By Kenjiro Hata. Released in Japan as “Hayate no Gotoku!” by Shogakukan, serialized in the magazine Shonen Sunday. Released in North America by Viz. Translated by John Werry.

Despite Athena (in her adult body) getting a cheesecake cover shot, she doesn’t appear in this volume. In fact, chibi-Athena only gets one chapter, and has to share it with the girl who’s still reminding everyone she’s the heroine, Nagi. Nagi is still recovering from her loss from the last volume, and while her usual indolent torpor is certainly an option she tries exploring, if this damn manga is going to move forward at all, something else needs to happen.
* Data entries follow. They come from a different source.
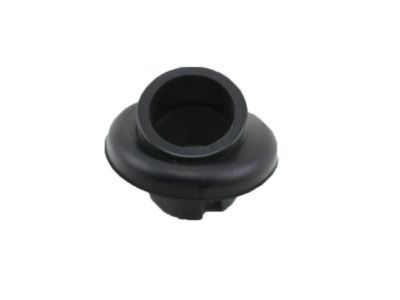 Toyota 86392-60040 Mast Bezel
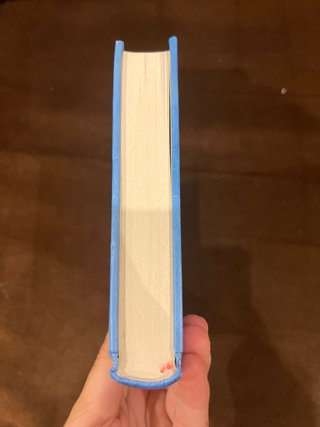 Libros Diario de Greg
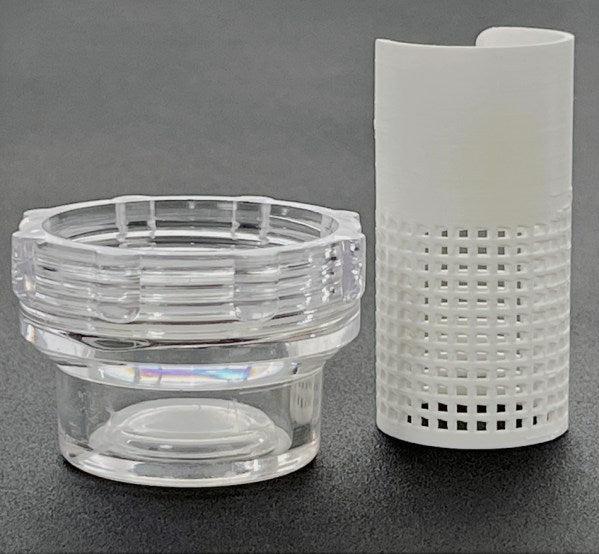 Penguin Chillers Cold Therapy Chiller & Tub SKU: Cold Therapy Tub & Chiller Package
Something like the introduction of a new character. Kayura manages to out-nerd everybody else in this already pretty nerdy cast, and after seeing everyone telling Nagi she needs to make her manga more understandable and mainstream, it’s refreshing to see Kayura telling Nagi the exact opposite. I’m not sure this will translate into the sales Nagi wants to achieve, but it may actually lead her to get out of her creative slump.

Every Hayate volume usually has one chapter that stands out among the others, even when it’s in “gag” mode rather than “plot” mode, and in this case it’s the chapter where Isumi decides that she needs a maid. She decides this mostly as she notes that Nagi and Sakuya have maids, not because she has any use for one. Honestly, I think any maid Isumi had would have trouble merely getting her anywhere in a timely fashion. But her mother and Hayate ponder the idea, and come up with the absolute WORST possible maid for any girl whatsoever: Fumi, who is always there to be hilariously terrible. Her short-lived maid attempt has a terrific punchline, and were it to end there, the chapter would be fine. But afterwards, Hayate wonders out loud to Nagi why Isumi doesn’t have a maid, and the answer is quite touching and also very sad. Even Hayate can’t say anything when he hears it.

If you’re looking for forward plot development that doesn’t involve Nagi’s manga, you are mostly out of luck here. Wataru’s store is just about ready to go, though it’s his relationship with Saki that’s more of a concern. Ruka is also still lingering around the edges of the narrative, and reminding Ayumu that Hayate tends to attract gorgeous rich and famous girls. The former “main rivals” to Nagi, Maria and Hinagiku, have almost completely become comedy relief characters, with Maria’s attempts at a garden being an excuse for a flurry of punchlines (and some errant birds), and Hinagiku not even able to ask Hayate for a shoulder massage without it becoming a big to do. Hayate may be clueless at romance, but for the most part that’s because, with the exception of Ayumu and Athena, the women in his life are simply not clear enough about their own feelings.

Ruka may change that, though, and I wouldn’t be surprised if the next minor plotline involves her again. Till then, fans of Hayate can read about Nagi getting her groove back, and laugh while feeling vaguely frustrated at the lack of forward momentum in this series.